Going from Boise to Rexburg, Idaho

Here are some of things I saw a few days ago when I left Boise and headed east to Rexburg.  This would be my last full day in Idaho.

From Interstate 84


My new fascination with wind turbines


The Shoshone Ice Cave



This place sounded interesting (a lava cave which maintains a constant temperature of 28 degrees Fahrenheit and has ice on the floor) but when I got there and saw the place I decided to pass.  My original boss in Durham, Bond Anderson, used to say “I was born at night, but I wasn’t born last night.”  I like to think I know a tourist trap when I see one.  Ok, ok, so I’m still licking my wounds after the Flaming Geezer, I mean Geyser, scam up in Washington that set me back 10 bucks.  Well, fool me once….

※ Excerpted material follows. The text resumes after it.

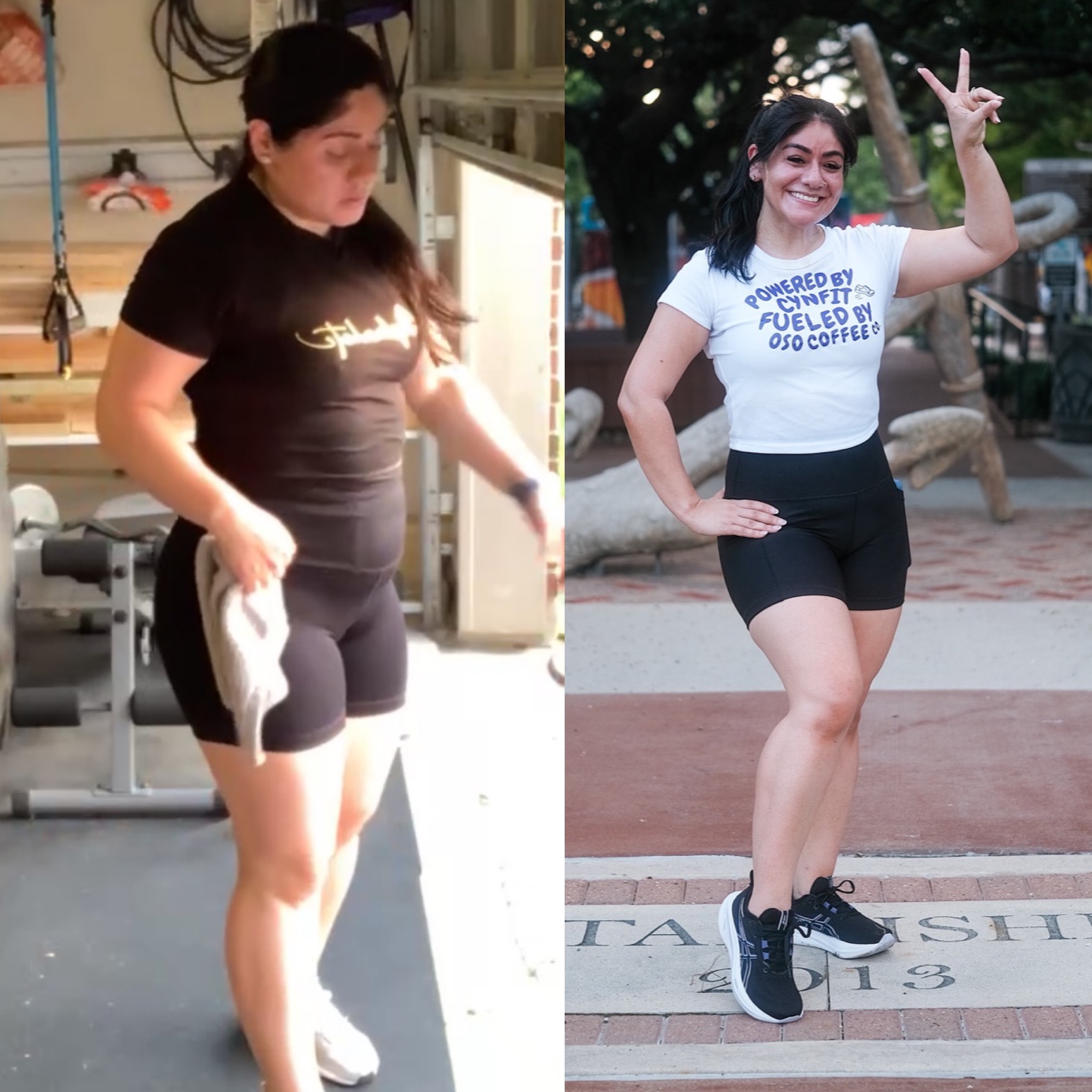 Cynthia’s before and after comparison: an earlier training photo on the left and a recent outdoor photo in a white CynFit shirt on the right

Now HERE is an ice cave… (from the movie “Fight Club,” one of my favorites)


(Photo credit:  thechive.com)

Craters of the Moon National Monument and Preserve


This place is a huge area (over 1,100 square miles) of volcanic rock, similar to what I had seen near Bend, Oregon.  The photo above was actually taken before I got to the “Craters” facility.  There were areas like this all around me.  At first it looked like an area where a highway crew had piled up asphalt which had been dug up when replacing a large stretch of road.  Other areas were pitch black, and looked like piles of fresh asphalt which hadn’t been spread out and rolled to make a new road yet.  Once at the facility the black rock is continuous and extends as far as the eye can see.

NASA astronauts actually trained at “Craters” before the Apollo missions took them to the moon.

I didn’t go in “Craters” due to time constraints.  I figured I had pretty much seen the same thing when in Oregon.


Next stop was Arco, Idaho.  My new friend Tom, one of my co-hosts when I stay at their Airbnb in Missouri, told me to be sure to stop here during my trip.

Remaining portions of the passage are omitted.